Als Müller nach Ortry kam, fand er das Speisezimmer erleuchtet. Seit er sich seinen Platz am Tische erzwungen hatte, hatte er dort Zutritt, und er säumte heute nicht, sich hinzubegeben. Er fand Marion, Emma, den Amerikaner und die Baronin. Letztere war so früh vor Tische von der Neugierde herbeigetrieben worden, die Engländerin kennen zu lernen.

Emma spielte ihre Rolle ausgezeichnet und mit wunderbarer Ungezwungenheit. Sie wäre von jeder Engländerin für eine Landsmännin gehalten worden.

Müller wurde, außer der Baronin, von Allen höflich empfangen und als vollständig ebenbürtig behandelt. Er nahm sehr wenig am Gespräch theil und zog es vor, der Unterhaltung zu lauschen und seine Betrachtungen anzustellen.

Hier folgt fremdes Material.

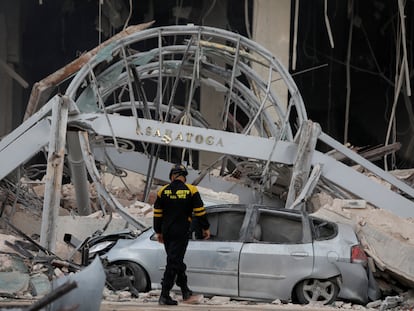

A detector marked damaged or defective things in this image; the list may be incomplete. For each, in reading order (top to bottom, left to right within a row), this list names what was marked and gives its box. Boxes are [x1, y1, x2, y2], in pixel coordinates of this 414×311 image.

Marion und Emma nannten sich bereits Du. Der Blick des Amerikaners hing bewundernd an der Letzteren. Er war ein hockbegabter und fein gebildeter, kenntnißreicher Mann und bemühte sich, Emma Gelegenheit zu geben, die Vorzüge ihres Geistes zur Geltung zu bringen.

Wenn Müller ja einmal in hochachtungsvoller Weise, wie es ihm als Erzieher zukam, sein Wort an Emma richtete und sie ihm dann in jener freundlich auszeichnenden und doch sichtlich herablassenden Weise antwortete, wie der wirklich gebildete Patricier es einem verdienten Bürgerlichen gegenüber zu thun pflegt, dann glänzten die Augen des Amerikaners vor Freuden über die Meisterschaft, mit welcher diese Beiden ihre Rolle spielten.

Während dieser angeregten Unterhaltung öffnete sich leise die eine Thür, welche im Schatten lag, und – – der Baron trat ein, in jetziger Zeit eine Seltenheit, man hatte wohl vergessen, ihn in seinem Zimmer einzuschließen.

Niemand bemerkte ihn. Er trat leise, unhörbar näher, bis dahin, wo der volle Strahl des Lichtes auf den Kopf Emmas fiel. Er stieß einen schrillen Schrei des Entsetzens aus, so daß alle erschrocken aufsprangen.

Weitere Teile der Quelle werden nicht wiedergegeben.